The only force acting on the particle along the plane is the component of gravity parallel to the plane. The acceleration due to gravity g acts vertically downwards. The angle of inclination is θ = 30°. The component of g parallel to the inclined plane is a_y = g sin(θ). Given g = 10 m/s^2 and θ = 30°: a_y = 10 * sin(30°) = 10 * (1/2) = 5 m/s^2. Since the projection is horizontal on the plane, there is no acceleration component along the x-axis (a_x = 0). So, the acceleration vector a = (0, 5) m/s^2.

2. Initial Velocity: The particle is projected horizontally at a speed of 5 m/s along the x-axis. Initial velocity components: u_x = 5 m/s u_y = 0 m/s Initial velocity vector u = (5, 0) m/s.

3. Velocity at t = 1s: Using kinematic equations for constant acceleration: v_x(t) = u_x + a_x * t = 5 + 0 * t = 5 m/s v_y(t) = u_y + a_y * t = 0 + 5 * t = 5t m/s At t = 1s: v_x = 5 m/s v_y = 5 * 1 = 5 m/s The velocity vector at t = 1s is v = (5, 5) m/s. The magnitude of the velocity |v| = sqrt(v_x^2 + v_y^2) = sqrt(5^2 + 5^2) = sqrt(25 + 25) = sqrt(50) = 5 * sqrt(2) m/s.

4. Radius of Curvature Formula: The radius of curvature R is given by the formula: R = |v|^2 / a_n where |v| is the magnitude of the velocity and a_n is the component of acceleration perpendicular to the velocity vector.

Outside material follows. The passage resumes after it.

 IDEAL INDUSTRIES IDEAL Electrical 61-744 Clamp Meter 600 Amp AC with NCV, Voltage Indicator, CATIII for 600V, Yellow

The normal component of acceleration a_n can be found using a_n = |a| sin(α), where α is the angle between the velocity vector v and the acceleration vector a.

5. Calculate Angle α between v and a: The acceleration vector a = (0, 5) m/s^2. Its magnitude |a| = 5 m/s^2. The velocity vector v = (5, 5) m/s. Its magnitude |v| = 5 * sqrt(2) m/s. Using the dot product formula: v . a = |v| |a| cos(α) v . a = (5)(0) + (5)(5) = 25 25 = (5 * sqrt(2)) * 5 * cos(α) 25 = 25 * sqrt(2) * cos(α) cos(α) = 1 / sqrt(2) Therefore, α = 45°.

6. Calculate a_n: a_n = |a| sin(α) = 5 * sin(45°) = 5 * (1 / sqrt(2)) = 5 / sqrt(2) m/s^2.

7. Calculate Radius of Curvature R: R = |v|^2 / a_n R = (5 * sqrt(2))^2 / (5 / sqrt(2)) R = 50 / (5 / sqrt(2)) R = 50 * (sqrt(2) / 5) R = 10 * sqrt(2) m.

The radius of curvature followed by the particle 1s after projection is 10 * sqrt(2) m.